Provided material.
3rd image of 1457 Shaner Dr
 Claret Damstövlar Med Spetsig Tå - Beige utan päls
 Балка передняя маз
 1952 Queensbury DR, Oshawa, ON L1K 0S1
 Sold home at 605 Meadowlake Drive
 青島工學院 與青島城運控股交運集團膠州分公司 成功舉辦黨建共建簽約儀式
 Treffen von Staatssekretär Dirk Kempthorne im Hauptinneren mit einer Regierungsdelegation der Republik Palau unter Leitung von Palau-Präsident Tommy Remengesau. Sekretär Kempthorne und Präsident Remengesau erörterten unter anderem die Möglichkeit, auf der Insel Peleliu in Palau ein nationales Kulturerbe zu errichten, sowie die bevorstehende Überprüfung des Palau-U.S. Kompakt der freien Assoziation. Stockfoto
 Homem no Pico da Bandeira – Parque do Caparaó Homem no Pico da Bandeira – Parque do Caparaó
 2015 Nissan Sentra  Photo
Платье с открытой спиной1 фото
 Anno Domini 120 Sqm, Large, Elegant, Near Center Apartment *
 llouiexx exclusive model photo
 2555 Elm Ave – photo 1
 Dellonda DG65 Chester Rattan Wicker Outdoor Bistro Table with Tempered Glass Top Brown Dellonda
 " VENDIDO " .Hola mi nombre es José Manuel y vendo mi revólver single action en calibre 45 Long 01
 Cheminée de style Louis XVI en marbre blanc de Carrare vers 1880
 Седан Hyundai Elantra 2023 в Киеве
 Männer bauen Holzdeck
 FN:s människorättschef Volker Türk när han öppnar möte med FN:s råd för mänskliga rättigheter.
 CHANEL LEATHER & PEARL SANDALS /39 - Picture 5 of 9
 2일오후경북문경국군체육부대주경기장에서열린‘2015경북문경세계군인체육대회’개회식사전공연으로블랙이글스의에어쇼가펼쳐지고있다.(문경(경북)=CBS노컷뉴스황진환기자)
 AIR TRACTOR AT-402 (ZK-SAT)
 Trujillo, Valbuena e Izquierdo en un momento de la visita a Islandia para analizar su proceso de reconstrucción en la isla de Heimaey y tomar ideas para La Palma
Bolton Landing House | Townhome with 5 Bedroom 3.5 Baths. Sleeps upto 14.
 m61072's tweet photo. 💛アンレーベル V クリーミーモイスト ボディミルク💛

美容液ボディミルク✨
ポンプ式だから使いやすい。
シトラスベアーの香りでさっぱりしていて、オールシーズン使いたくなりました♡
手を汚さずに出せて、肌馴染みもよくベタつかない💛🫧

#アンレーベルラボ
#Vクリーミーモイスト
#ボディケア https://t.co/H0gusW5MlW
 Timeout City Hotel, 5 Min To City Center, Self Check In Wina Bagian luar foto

What this task involves.
Reproduce exactly, and only, the part of the listing above that begins at the line with "Седан Hyundai Elantra 2023 в Киеве" and goes on through the line with "CHANEL LEATHER &".

Response to the exercise.
 Седан Hyundai Elantra 2023 в Киеве
 Männer bauen Holzdeck
 FN:s människorättschef Volker Türk när han öppnar möte med FN:s råd för mänskliga rättigheter.
 CHANEL LEATHER & PEARL SANDALS /39 - Picture 5 of 9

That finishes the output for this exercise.